▶ **THE PROBLEM**
Scan the entries that follow for the word "High", then report every line in which it appears.

▶ **PROVIDED DATA**
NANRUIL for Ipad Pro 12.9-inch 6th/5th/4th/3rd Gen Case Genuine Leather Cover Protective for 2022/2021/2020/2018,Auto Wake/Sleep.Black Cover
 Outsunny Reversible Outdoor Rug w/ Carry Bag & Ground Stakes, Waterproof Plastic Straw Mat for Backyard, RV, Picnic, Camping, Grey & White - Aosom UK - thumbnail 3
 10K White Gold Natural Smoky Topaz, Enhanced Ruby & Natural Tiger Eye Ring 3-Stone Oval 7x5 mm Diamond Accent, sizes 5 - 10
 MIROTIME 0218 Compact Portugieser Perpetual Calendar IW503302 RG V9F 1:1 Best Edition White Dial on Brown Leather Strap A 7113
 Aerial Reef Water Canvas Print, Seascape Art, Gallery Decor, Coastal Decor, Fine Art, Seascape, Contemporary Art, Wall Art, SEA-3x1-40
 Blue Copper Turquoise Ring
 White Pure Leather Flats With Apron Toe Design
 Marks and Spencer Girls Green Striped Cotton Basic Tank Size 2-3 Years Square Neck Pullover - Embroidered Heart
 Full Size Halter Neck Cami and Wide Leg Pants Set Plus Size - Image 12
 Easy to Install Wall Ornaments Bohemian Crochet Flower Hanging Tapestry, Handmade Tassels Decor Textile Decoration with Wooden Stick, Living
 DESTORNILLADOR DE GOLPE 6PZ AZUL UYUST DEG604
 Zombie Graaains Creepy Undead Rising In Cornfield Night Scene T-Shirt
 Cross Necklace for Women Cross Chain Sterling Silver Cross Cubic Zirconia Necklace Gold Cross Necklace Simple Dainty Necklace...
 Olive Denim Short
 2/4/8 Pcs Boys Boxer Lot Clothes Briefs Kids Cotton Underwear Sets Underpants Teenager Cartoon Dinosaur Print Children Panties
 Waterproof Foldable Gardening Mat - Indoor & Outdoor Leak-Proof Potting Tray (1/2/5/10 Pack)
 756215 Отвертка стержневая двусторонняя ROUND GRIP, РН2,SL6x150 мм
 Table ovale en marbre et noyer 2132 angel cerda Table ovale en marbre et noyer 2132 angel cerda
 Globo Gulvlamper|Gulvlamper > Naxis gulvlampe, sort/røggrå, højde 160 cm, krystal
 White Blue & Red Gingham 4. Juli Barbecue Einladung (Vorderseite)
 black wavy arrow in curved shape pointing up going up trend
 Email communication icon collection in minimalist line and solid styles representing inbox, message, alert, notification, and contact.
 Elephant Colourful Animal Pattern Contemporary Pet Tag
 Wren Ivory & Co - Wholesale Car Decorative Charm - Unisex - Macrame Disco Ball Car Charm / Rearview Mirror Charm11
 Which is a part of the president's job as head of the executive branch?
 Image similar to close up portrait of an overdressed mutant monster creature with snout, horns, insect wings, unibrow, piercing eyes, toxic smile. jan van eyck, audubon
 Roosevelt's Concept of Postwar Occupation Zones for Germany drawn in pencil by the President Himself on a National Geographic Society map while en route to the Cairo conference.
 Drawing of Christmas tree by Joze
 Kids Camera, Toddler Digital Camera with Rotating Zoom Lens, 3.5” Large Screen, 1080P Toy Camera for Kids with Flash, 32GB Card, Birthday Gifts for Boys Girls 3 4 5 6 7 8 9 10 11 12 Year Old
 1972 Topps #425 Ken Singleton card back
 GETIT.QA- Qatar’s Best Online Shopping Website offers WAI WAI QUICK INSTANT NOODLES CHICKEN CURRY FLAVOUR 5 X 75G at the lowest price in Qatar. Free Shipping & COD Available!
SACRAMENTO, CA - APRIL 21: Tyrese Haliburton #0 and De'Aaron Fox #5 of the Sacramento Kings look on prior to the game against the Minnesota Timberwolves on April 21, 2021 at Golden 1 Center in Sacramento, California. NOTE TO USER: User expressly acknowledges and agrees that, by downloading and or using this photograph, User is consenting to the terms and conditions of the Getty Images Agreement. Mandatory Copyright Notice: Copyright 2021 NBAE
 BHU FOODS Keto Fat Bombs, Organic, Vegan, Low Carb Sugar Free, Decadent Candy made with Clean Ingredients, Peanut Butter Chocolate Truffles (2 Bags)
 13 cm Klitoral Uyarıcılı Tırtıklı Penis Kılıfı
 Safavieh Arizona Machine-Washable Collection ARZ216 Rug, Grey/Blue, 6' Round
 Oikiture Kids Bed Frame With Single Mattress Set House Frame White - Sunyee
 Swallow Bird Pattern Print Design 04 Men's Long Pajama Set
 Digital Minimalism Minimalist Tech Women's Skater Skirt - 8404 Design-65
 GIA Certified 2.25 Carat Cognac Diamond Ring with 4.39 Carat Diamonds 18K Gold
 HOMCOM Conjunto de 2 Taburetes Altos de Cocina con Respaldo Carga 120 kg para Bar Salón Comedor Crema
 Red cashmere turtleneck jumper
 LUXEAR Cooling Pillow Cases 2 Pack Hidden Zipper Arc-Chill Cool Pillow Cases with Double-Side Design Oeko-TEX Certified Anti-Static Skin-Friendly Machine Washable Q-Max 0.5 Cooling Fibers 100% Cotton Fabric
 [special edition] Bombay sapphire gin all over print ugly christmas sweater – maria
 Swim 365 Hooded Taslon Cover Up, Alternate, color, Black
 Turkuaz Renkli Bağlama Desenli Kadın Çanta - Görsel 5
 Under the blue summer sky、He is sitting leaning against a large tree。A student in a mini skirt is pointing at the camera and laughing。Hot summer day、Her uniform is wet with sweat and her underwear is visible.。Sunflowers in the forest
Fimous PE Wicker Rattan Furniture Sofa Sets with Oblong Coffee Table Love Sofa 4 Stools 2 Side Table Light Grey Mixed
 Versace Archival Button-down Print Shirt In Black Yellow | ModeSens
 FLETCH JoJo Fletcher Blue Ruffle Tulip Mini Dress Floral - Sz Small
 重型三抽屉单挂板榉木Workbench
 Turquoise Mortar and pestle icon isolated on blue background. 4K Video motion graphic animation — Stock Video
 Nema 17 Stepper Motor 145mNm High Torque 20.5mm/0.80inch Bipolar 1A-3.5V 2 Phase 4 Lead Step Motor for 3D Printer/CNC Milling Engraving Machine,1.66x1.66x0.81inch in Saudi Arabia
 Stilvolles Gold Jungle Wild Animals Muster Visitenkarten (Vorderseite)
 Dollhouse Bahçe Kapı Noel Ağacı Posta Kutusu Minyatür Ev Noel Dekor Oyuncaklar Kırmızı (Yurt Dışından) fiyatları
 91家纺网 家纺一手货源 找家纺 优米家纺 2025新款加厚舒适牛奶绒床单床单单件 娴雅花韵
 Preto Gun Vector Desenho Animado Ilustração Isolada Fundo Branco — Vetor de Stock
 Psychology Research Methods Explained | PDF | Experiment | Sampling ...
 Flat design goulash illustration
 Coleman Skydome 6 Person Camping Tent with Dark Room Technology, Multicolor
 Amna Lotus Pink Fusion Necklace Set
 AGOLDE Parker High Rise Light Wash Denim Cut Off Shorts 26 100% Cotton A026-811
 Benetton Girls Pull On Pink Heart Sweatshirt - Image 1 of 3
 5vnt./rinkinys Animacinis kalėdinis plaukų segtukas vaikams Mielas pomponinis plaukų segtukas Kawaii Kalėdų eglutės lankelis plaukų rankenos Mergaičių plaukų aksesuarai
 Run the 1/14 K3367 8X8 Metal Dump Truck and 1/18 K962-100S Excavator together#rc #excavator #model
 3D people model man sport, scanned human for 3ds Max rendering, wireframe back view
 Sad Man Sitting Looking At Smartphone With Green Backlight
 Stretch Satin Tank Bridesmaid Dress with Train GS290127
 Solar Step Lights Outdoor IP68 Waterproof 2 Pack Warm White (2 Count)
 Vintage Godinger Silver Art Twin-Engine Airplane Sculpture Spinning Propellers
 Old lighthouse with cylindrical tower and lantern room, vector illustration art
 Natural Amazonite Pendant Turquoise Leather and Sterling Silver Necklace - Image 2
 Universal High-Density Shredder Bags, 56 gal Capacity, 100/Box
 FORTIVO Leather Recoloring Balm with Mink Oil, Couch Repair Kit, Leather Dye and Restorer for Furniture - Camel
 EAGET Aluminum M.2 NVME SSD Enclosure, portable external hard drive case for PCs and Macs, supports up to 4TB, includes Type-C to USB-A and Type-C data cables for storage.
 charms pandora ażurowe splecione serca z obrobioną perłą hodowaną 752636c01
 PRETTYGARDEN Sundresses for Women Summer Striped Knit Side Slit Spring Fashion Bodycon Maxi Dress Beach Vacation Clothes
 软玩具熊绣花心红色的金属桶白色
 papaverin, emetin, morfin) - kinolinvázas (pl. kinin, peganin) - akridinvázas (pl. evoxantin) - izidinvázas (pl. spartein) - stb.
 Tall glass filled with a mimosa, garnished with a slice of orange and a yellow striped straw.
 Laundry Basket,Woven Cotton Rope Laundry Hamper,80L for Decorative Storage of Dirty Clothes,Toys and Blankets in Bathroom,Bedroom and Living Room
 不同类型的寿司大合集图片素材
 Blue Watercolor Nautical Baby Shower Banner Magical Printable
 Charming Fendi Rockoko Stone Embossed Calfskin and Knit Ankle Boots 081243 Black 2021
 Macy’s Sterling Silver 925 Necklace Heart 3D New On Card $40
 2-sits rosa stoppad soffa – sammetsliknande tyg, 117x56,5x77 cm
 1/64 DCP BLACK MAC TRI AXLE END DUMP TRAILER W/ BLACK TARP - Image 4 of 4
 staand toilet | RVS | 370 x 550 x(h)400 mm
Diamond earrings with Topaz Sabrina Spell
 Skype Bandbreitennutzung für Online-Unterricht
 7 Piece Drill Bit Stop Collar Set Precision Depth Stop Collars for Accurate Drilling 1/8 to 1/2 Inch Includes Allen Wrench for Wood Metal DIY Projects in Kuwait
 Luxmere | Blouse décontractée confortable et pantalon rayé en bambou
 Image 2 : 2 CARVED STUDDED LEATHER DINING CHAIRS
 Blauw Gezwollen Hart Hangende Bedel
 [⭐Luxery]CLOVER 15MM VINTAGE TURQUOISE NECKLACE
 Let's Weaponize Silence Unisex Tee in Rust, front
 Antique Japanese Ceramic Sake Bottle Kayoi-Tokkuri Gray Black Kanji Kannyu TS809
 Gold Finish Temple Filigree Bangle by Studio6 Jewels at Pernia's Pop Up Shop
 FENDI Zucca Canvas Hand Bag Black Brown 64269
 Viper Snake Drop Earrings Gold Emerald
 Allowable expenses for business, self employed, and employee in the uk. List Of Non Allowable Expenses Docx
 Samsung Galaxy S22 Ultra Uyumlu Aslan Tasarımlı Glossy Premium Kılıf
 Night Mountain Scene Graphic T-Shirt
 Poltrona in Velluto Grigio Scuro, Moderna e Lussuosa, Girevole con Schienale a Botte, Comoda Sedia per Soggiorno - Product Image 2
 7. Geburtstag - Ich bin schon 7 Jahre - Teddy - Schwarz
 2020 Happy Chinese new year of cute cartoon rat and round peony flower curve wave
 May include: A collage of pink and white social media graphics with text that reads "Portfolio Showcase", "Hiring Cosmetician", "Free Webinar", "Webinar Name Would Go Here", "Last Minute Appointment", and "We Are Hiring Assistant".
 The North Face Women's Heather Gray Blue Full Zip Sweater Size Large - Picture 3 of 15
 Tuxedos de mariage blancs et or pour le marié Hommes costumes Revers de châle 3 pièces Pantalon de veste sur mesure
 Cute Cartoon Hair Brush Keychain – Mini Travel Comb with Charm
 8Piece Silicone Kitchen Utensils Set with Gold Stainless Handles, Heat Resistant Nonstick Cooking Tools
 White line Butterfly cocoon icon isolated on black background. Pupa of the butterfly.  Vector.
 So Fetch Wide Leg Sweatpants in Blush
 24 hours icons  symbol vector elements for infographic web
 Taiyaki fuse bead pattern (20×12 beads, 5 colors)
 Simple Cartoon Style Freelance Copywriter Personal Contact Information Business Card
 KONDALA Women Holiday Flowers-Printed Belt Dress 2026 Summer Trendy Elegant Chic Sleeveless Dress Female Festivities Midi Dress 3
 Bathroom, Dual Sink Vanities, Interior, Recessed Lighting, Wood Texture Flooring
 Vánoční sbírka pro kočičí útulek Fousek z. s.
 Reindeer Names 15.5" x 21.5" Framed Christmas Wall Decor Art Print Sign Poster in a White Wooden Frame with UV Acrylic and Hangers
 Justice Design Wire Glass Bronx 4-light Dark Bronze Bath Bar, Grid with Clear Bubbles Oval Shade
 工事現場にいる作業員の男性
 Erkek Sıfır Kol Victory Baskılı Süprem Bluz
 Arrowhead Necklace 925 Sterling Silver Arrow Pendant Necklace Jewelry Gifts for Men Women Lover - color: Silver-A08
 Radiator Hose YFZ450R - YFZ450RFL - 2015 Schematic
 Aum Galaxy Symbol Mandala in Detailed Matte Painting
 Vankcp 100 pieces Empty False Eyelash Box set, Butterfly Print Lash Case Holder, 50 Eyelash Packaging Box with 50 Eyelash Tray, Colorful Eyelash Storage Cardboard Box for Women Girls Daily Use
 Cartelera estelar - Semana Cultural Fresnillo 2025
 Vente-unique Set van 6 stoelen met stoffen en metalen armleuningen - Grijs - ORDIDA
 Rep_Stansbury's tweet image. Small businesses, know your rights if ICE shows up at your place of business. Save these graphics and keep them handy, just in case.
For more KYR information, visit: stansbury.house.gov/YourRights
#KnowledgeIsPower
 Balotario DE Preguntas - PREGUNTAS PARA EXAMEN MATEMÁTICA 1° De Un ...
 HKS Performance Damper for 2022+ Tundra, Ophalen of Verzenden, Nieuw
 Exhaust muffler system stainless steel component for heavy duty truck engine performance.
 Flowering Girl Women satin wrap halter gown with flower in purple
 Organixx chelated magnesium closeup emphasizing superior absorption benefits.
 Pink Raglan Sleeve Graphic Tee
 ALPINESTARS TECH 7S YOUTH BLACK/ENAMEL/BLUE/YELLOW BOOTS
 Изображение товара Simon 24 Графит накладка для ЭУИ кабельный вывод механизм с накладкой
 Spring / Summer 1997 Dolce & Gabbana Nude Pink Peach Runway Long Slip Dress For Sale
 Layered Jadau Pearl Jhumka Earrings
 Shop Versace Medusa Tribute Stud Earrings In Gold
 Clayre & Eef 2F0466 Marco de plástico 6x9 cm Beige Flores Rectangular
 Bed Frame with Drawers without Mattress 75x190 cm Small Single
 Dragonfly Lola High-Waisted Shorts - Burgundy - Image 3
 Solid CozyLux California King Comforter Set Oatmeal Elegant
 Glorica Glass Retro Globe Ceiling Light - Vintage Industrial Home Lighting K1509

▶ **EXPECTED OUTPUT**
 Nema 17 Stepper Motor 145mNm High Torque 20.5mm/0.80inch Bipolar 1A-3.5V 2 Phase 4 Lead Step Motor for 3D Printer/CNC Milling Engraving Machine,1.66x1.66x0.81inch in Saudi Arabia
 AGOLDE Parker High Rise Light Wash Denim Cut Off Shorts 26 100% Cotton A026-811
 Universal High-Density Shredder Bags, 56 gal Capacity, 100/Box
 Dragonfly Lola High-Waisted Shorts - Burgundy - Image 3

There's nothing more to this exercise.